Dombret: no new post-Brexit banking crisis

According to Bundesbank Executive Board member Andreas Dombret, the UK vote to leave the EU is not likely to cause any major turbulence in the financial sector. At a discussion hosted by the Center for Financial Studies in Frankfurt am Main, he said that, "I do not see Brexit triggering a new banking crisis".

With the pound sterling and UK bank stocks and real estate funds having come under at times intense pressure following the referendum, Dombret believed that further movements in prices or shifts of funds from one asset class to another were possible. "A panic reaction to Brexit is rather unlikely at present," he noted.

Dombret emphasised that most banks had taken the possibility of Brexit sufficiently seriously and therefore made careful preparations. He added that the Bank of England had also taken a professional approach before and after the referendum. It, as well as the European Central Bank and other central banks, stood ready to supply liquidity where necessary. Dombret said that all these measures had helped to ward off stronger financial market reactions.

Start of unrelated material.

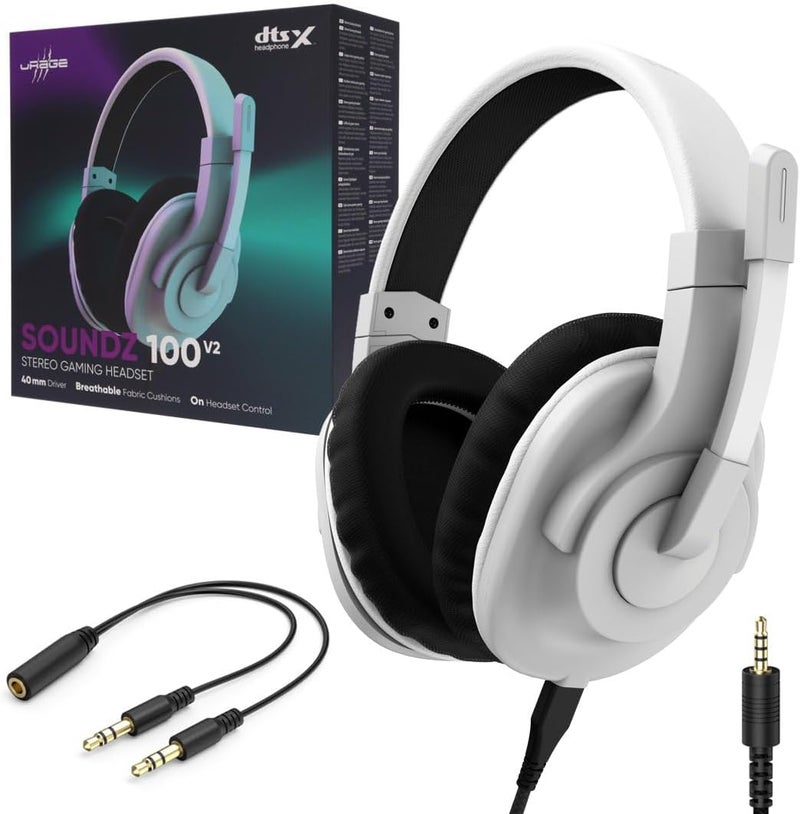 uRage Gaming Headset SoundZ 100 V2 with Microphone - Wired Multi-Platform Headphones with DTS:X 2.0 for PS4/PS5/PC/Xbox/Laptop/Smartphone - Over-Ear Gaming Headset - White - Image 1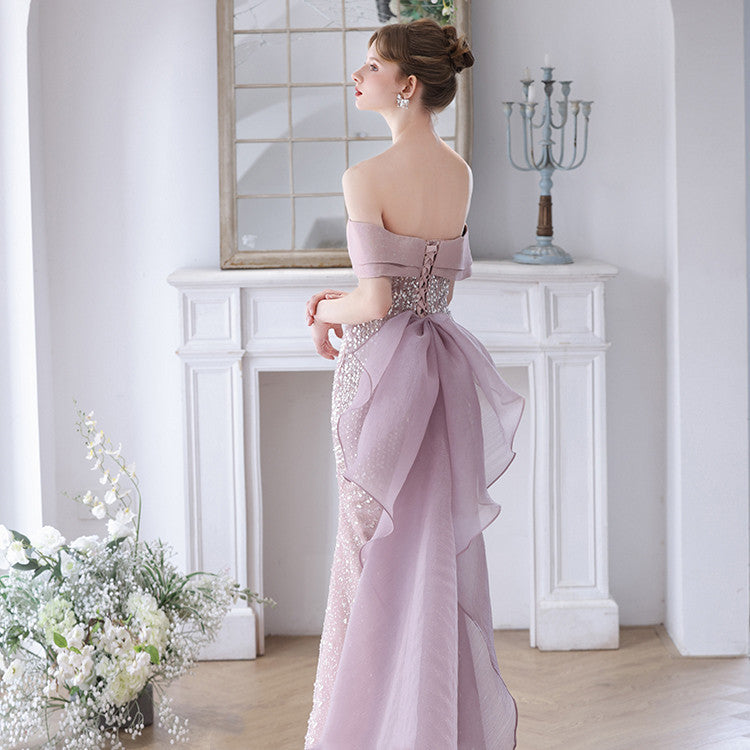 Robe de soirée simple à une épaule pour femmes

Do not soften liability rules for banks

Since the referendum, share price valuations of many financial institutions have still remained significantly lower than share prices of non-financial sectors – not just in the UK but also in the rest of the euro area. Dombret saw this as a "sign that other, more deeply rooted structural problems prevail in the European banking sector".

In this context, the Bundesbank Executive Board member stressed the significance of the "bail-in" mechanism, by means of which, in the event of bank distress, the bank’s investors are first in line to assume liability. He added that the persistent state of uncertainty on the financial markets must not be used as a pretext for softening the existing bail-in rules for banks. "If we allow states to provide discretionary aid to their banks, this impedes a core element of the bail-in regime, namely its credibility," Dombret said. This would rob the markets of their disciplinary function.

Dombret noted that the logical and necessary consequence would be for supervisors to raise capital requirements for banks so as to compensate for the lack of market discipline. Also speaking at this event, Ignazio Angeloni, one of the members of the ECB’s Supervisory Board and responsible for banking supervision, emphasised that the EU banking union’s rules should not be rescinded or abandoned despite the current state of Italy’s banking system. According to the liability rules within the framework of the European banking union, in force since the beginning of the year, banks’ shareholders and creditors are the first in line to cover the costs of rescuing a bank, followed only then by central government – and ultimately the taxpayer.

Resolve uncertainty quickly

Dombret came out in favour of beginning the Brexit negotiation process swiftly. "For banks, as for the economy as a whole, any uncertainty should be kept to the very minimum," he noted. In his opinion, though, it was indisputably the United Kingdom that would largely have to bear the consequences of the referendum. Dombret pointed out that the Bank of England had already revised downwards its growth forecast for the United Kingdom as a result of the uncertainty.